Прояснили картину родственники Мешалкина: его внук – колхозный бухгалтер и жена внука – завскладом. По их утверждению, «дед когда-то был ничего – копейку имел, но потом – не враз, конечно, а постепенно – свихнулся. И хотя врачи этого не подтвердили, вся родня знает. Стал печки ложить, деньги на церкву порастратил – церкву восстанавливал, а в наследство одну-единственную бумажоночку только и оставил – перед соседями срам».

Я попросил, и мне показали завещание Павла Степановича, написанное все тем же виньеточным почерком, – уж не гусиным ли он пользовался пером?

«Единственное достояние людей на Земле – ушедшее время, – начал я разбирать вслух. – Будущего нет…»

– Точно, – подтвердила внукова жена. – Эти ученые доведут Землю до края. Не войной, так химией.

Далее Павел Степанович корявыми канцелярскими фразами, воспроизвести которые затруднительно, рассуждал в том смысле, что будущего не существует физически, что его либо еще нет, либо, осуществляясь, оно уже становится настоящим, а осознанное настоящее – собственно прошлое и есть. Дескать, одно только прошлое реально, дескать, оно с нами всегда: «в житейском опыте, в воспоминаниях и болезнях, в нераскаянных наших грехах».
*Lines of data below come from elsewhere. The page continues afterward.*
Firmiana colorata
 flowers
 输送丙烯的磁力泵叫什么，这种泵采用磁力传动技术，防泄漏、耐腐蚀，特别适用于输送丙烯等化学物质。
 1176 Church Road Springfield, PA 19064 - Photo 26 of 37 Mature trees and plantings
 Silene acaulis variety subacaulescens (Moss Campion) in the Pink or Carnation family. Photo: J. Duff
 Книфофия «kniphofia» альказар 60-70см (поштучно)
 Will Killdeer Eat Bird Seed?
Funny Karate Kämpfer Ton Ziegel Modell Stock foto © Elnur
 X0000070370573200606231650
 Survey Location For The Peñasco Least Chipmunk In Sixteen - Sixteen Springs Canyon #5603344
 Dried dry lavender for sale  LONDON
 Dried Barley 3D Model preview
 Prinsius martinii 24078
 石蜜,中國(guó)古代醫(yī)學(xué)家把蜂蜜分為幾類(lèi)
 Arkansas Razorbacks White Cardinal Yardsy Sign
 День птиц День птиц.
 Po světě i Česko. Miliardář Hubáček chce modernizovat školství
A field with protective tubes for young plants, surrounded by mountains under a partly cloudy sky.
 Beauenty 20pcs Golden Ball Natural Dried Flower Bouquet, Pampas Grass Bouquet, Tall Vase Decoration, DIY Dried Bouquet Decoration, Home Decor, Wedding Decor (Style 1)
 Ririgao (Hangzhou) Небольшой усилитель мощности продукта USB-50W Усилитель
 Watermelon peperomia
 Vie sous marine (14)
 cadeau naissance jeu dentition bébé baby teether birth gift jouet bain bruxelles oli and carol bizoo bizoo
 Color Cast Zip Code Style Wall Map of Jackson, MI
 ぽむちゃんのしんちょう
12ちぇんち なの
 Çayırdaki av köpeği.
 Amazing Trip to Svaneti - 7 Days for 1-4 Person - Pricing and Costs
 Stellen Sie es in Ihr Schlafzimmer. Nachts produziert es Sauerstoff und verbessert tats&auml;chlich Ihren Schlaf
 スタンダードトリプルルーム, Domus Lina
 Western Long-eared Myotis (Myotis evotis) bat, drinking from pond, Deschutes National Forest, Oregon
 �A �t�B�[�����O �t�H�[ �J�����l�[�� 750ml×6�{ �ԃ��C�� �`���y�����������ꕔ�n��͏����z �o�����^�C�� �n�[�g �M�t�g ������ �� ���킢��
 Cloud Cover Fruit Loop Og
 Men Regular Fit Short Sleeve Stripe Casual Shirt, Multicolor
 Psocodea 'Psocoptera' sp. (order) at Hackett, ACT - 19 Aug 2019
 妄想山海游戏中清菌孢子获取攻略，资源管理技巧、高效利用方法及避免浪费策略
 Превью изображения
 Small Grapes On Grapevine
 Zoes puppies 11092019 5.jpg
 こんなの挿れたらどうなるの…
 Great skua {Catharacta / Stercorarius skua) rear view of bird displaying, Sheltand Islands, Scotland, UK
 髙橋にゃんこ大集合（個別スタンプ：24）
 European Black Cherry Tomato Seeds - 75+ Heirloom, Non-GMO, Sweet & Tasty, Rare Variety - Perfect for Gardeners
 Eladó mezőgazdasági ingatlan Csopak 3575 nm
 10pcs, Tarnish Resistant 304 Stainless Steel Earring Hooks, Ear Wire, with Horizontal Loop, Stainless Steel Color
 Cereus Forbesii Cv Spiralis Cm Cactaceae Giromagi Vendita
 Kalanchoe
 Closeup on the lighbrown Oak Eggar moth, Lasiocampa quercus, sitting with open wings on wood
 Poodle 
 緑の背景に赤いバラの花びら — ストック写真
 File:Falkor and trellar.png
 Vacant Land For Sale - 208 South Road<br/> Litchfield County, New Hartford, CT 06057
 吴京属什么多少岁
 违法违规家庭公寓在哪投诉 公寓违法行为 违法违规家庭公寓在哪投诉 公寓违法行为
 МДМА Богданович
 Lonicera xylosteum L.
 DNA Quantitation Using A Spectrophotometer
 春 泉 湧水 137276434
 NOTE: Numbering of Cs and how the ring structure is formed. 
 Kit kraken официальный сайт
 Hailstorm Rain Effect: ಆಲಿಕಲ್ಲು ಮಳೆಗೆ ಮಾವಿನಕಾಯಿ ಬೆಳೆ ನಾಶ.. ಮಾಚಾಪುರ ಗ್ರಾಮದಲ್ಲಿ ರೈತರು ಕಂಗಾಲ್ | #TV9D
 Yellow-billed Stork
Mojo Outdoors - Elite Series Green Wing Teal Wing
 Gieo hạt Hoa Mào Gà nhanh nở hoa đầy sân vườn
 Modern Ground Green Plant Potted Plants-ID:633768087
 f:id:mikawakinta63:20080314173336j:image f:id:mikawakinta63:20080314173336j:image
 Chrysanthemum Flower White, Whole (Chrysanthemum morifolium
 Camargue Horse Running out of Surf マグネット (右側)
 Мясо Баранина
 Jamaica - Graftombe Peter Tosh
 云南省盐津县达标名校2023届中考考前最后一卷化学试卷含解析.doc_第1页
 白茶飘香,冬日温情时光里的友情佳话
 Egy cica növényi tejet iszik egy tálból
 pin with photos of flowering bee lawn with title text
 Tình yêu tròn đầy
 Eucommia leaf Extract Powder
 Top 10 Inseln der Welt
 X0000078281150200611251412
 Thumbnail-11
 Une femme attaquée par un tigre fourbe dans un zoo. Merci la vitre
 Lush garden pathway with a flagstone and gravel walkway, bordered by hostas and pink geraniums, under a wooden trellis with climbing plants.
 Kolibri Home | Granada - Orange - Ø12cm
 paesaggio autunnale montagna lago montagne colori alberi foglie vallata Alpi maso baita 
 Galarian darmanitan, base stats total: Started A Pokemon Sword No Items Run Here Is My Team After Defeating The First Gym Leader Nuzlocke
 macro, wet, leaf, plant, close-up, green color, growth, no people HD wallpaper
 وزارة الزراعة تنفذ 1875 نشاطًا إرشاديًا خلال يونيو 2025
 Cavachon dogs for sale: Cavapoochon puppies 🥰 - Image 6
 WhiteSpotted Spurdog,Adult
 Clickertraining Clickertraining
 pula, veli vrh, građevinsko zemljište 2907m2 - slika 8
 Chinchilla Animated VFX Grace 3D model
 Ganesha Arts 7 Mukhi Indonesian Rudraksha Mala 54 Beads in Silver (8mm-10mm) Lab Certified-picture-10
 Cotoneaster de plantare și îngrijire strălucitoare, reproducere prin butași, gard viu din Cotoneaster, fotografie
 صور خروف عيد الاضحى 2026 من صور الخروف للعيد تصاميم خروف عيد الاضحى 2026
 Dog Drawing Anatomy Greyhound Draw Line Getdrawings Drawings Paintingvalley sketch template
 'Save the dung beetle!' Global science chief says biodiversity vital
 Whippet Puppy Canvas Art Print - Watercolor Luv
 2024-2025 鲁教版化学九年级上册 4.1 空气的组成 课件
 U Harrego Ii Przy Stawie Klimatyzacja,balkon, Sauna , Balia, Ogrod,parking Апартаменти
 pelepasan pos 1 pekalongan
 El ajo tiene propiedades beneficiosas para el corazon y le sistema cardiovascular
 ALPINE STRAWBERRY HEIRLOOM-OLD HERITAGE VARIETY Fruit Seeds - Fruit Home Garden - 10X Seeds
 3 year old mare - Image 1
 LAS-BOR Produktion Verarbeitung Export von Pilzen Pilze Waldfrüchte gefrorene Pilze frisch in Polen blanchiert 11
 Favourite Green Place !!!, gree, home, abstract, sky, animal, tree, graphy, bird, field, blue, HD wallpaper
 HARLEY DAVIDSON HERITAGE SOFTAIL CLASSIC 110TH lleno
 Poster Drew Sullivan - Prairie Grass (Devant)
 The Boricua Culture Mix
Затем, бесхитростно сравнивая жизнь с «хождением в неведомое», Павел Степанович настоятельно советовал для определения курса оглядываться назад, на «вешки прошлого», и проводить от них через себя прямую линию, то есть употреблять прошлое как геодезический репер.

Наконец он признавал, что лишь к закату «начал понимать в жизни», но, тем не менее, решился круто переменить весь ее ход, дабы последние поставленные им вешки подсобили потомкам. «Хотя слишком поздно, а потому навряд», – прозорливо завершал Павел Степанович.

Я хотел было отдать документы, обнаруженные на чердаке, но родственники замахали руками: «Вы что?!» И поинтересовались, мне-то для чего понадобился «этот мусор»? Я не знал, как объяснить.

Никому не докопаться уже до мыслей и чувств, которые «не враз, конечно, а постепенно» изменили внутренний облик Мешалкина, превратив кляузного писаря в бессребреника-печника. Так преобразить человека может только раскаяние. Однако с чего все началось? Что пробудило в нем покаянные устремления? Никто теперь не расскажет. Философские заветы самого Павла Степановича тоже не касаются трепетных движений его души. Но при всем том именно сокровенная жизнь души оказалась в этой «зауряд-военной» истории самым большим богатством.

Ведь нельзя же всерьез утверждать, что сапоги из Трапезунда могут представлять сегодня хоть какой-нибудь интерес? Тем более что все они на одну ногу.